• _Extracted material_:
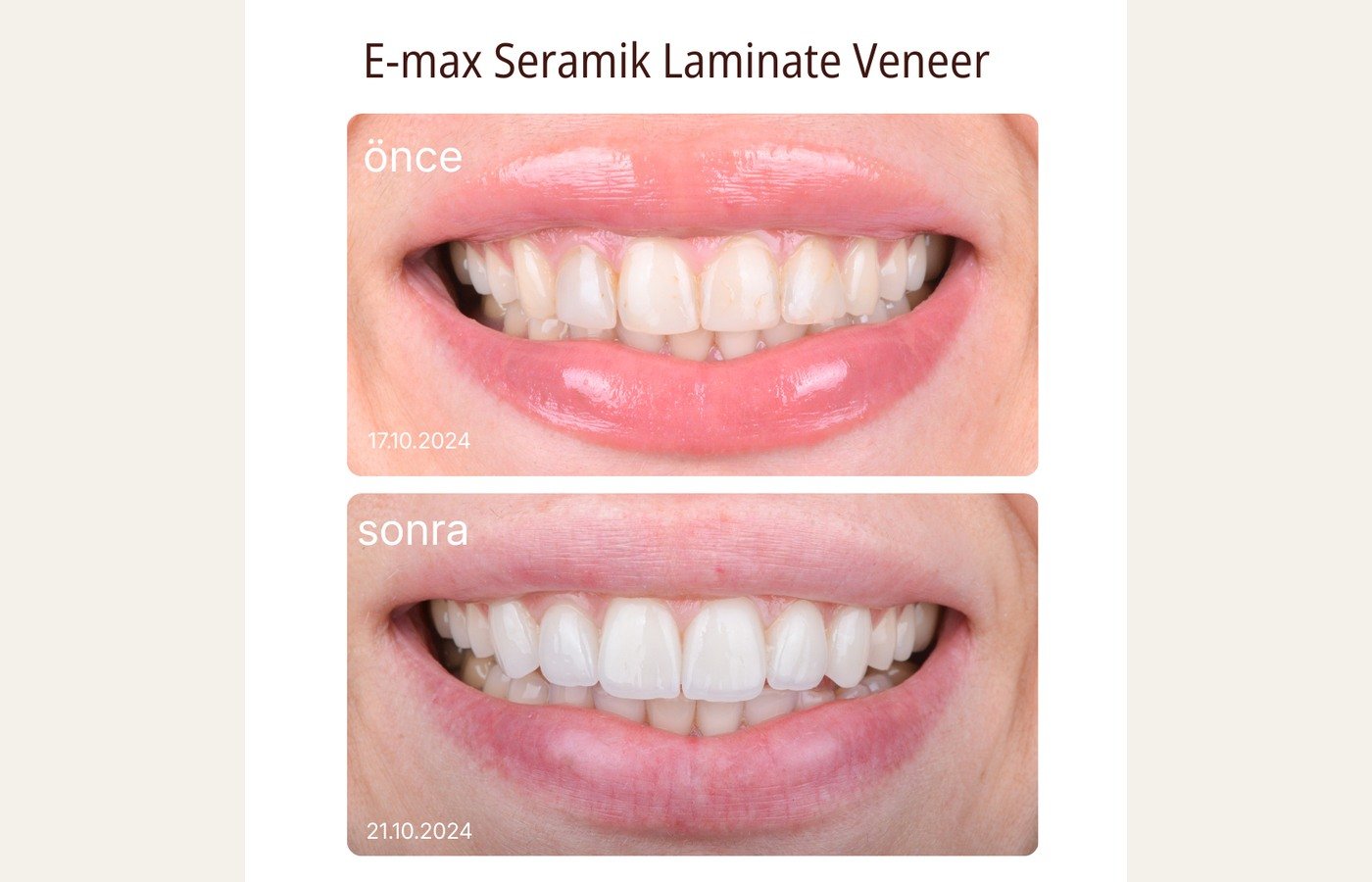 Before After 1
* * *
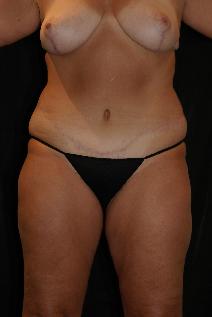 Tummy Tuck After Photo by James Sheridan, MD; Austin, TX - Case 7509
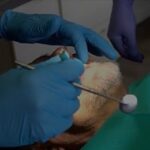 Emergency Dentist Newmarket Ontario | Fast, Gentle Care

• _Task to carry out_: Excerpt from the records above: set down only the lines from the one that contains "Tummy Tuck After" through the one that contains "Emergency Dentist Newmarket", inclusive, word for word. Pictures stay out.

• _Expected answer_:
 Tummy Tuck After Photo by James Sheridan, MD; Austin, TX - Case 7509
 Emergency Dentist Newmarket Ontario | Fast, Gentle Care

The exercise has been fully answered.